Setup RRDTool for CPU and network graphs

Intro#

Having installed SNMP, it is time to measure something, store the measurements in a database and finally make some pretty graphs of it all. The tool I’m using for all of that is RRDtool.

RRDtool, or “round robin database tool” as it stands for, is a database specifically for storing data in time series. The way I understand this is that the database is essentially a fixed-length list, and that when you add an item, an item will be removed so the list is always the same length. The time series part means that a key is time. You measure something at a given time, store it in the database at this point in time, and the oldest element will be removed.

RRDtool also comes with a tool to make graphs of what was stored, so you can easily see the change over time.

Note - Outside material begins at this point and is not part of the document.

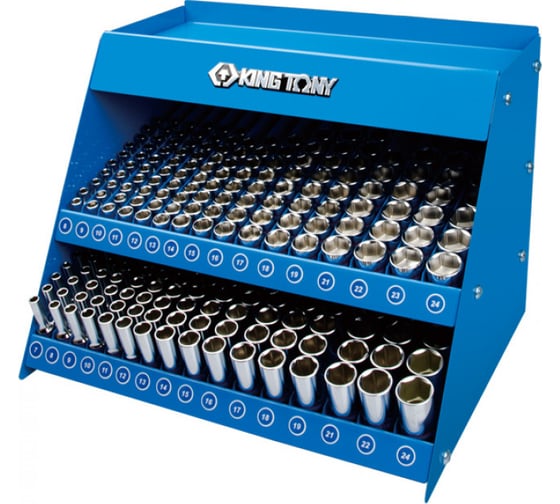 Изображение товара Стенд с торцевыми головками серия 3335M, 3235M (268 шт; 8-24 мм; 3/8") KING TONY 3568MR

You can store whatever measurements you want in an RRDtool database as long as they are at somewhat regular intervals in time. I will be using SNMP to capture CPU load and interface counters (network traffic) every minute, store it and eventually make graphs of it.

Installation#

RRDtool is fortunately available as a package for OpenBSD as can be found with pkg_info -Q rrdtool:

collectd-rrdtool-5.12.0p3
debug-rrdtool-1.9.0
py3-rrdtool-0.1.16p3
rrdtool-1.9.0

The one we want is the last one and it can be easily installed with pkg_add rrdtool-1.9.0

Creating a database#

This part I have to admit I don’t think I fully understand, even though I’ve done a lot of searching, reading, experimenting and copy/pasting to get this working.

RRD for CPU#

The people behind OpenBSD.Amsterdam have written a little about their configuration here and I have tried to replicate that for my server since I liked it. I will sort of dissect it here and go through it as I understand it and explain my changes.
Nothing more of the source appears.